- [EXERCISE BRIEF]:
Exactly the lines starting at the line containing "Lip Lift Before" and ending at the line containing "Immunohistochemistry (Formalin/PFA-fixed paraffin-embedded" are to be written out from the listing below, both included.

- [SUPPLIED MATERIAL]:
━━━━━━━━━━━━━━━━━━━━

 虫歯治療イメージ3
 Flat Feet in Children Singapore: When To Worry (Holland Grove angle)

━━━━━━━━━━━━━━━━━━━━

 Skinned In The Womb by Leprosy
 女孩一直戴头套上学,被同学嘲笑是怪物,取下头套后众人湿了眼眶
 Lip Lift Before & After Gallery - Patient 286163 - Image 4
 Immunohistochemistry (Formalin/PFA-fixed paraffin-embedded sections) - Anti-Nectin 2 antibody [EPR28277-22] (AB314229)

━━━━━━━━━━━━━━━━━━━━

- [EXERCISE ANSWER]:
 Lip Lift Before & After Gallery - Patient 286163 - Image 4
 Immunohistochemistry (Formalin/PFA-fixed paraffin-embedded sections) - Anti-Nectin 2 antibody [EPR28277-22] (AB314229)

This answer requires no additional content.